Consider the listing below. Extract exactly the lines from the line containing "Women Clothing Holes" to the line containing "Lexiart Men's Cable", both included.

Start of The data

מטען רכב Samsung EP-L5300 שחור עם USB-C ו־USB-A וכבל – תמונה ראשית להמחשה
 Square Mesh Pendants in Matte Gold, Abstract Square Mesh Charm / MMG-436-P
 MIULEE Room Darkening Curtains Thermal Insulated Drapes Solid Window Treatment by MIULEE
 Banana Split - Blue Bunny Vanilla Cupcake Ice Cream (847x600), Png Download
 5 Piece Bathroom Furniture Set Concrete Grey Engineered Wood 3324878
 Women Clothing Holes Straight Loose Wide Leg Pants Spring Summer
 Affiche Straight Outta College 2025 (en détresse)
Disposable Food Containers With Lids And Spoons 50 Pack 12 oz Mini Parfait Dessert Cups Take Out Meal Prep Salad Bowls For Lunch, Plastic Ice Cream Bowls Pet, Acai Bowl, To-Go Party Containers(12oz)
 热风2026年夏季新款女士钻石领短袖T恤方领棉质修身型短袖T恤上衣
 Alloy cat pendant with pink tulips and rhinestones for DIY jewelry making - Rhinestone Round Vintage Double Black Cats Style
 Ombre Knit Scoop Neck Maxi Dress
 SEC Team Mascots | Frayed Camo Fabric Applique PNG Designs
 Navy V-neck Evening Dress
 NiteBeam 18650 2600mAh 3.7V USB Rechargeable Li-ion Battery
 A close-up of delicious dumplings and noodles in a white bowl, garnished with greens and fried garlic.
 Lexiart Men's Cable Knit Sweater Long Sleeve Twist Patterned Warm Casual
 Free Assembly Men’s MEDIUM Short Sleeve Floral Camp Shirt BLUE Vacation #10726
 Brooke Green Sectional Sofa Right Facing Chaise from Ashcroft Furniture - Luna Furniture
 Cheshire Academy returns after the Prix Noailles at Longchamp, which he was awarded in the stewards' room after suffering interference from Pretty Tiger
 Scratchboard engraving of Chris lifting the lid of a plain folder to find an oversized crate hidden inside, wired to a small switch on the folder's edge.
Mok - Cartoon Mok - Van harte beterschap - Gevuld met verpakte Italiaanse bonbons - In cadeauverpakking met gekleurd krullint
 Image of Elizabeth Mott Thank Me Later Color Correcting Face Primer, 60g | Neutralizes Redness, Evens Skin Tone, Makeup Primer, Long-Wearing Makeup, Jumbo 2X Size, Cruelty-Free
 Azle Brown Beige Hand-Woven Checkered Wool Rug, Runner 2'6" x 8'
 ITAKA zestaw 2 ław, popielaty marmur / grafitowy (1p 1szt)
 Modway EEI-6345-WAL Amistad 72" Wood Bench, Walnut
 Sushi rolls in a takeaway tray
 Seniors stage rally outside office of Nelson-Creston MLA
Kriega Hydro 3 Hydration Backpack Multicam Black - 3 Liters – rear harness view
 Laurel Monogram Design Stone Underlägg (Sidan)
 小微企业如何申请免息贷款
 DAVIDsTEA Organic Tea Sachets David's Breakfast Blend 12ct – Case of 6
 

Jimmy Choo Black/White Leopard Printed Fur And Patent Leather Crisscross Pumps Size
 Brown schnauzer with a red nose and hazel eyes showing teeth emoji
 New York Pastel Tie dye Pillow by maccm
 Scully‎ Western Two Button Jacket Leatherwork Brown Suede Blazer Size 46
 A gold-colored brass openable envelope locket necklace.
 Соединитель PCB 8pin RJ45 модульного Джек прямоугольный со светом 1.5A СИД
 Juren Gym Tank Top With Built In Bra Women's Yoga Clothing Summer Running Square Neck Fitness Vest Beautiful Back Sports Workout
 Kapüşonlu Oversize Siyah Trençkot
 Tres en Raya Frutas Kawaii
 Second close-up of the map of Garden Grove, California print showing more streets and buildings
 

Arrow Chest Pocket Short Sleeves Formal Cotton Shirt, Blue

End of The data

## [Problem solution]
 Women Clothing Holes Straight Loose Wide Leg Pants Spring Summer
 Affiche Straight Outta College 2025 (en détresse)
Disposable Food Containers With Lids And Spoons 50 Pack 12 oz Mini Parfait Dessert Cups Take Out Meal Prep Salad Bowls For Lunch, Plastic Ice Cream Bowls Pet, Acai Bowl, To-Go Party Containers(12oz)
 热风2026年夏季新款女士钻石领短袖T恤方领棉质修身型短袖T恤上衣
 Alloy cat pendant with pink tulips and rhinestones for DIY jewelry making - Rhinestone Round Vintage Double Black Cats Style
 Ombre Knit Scoop Neck Maxi Dress
 SEC Team Mascots | Frayed Camo Fabric Applique PNG Designs
 Navy V-neck Evening Dress
 NiteBeam 18650 2600mAh 3.7V USB Rechargeable Li-ion Battery
 A close-up of delicious dumplings and noodles in a white bowl, garnished with greens and fried garlic.
 Lexiart Men's Cable Knit Sweater Long Sleeve Twist Patterned Warm Casual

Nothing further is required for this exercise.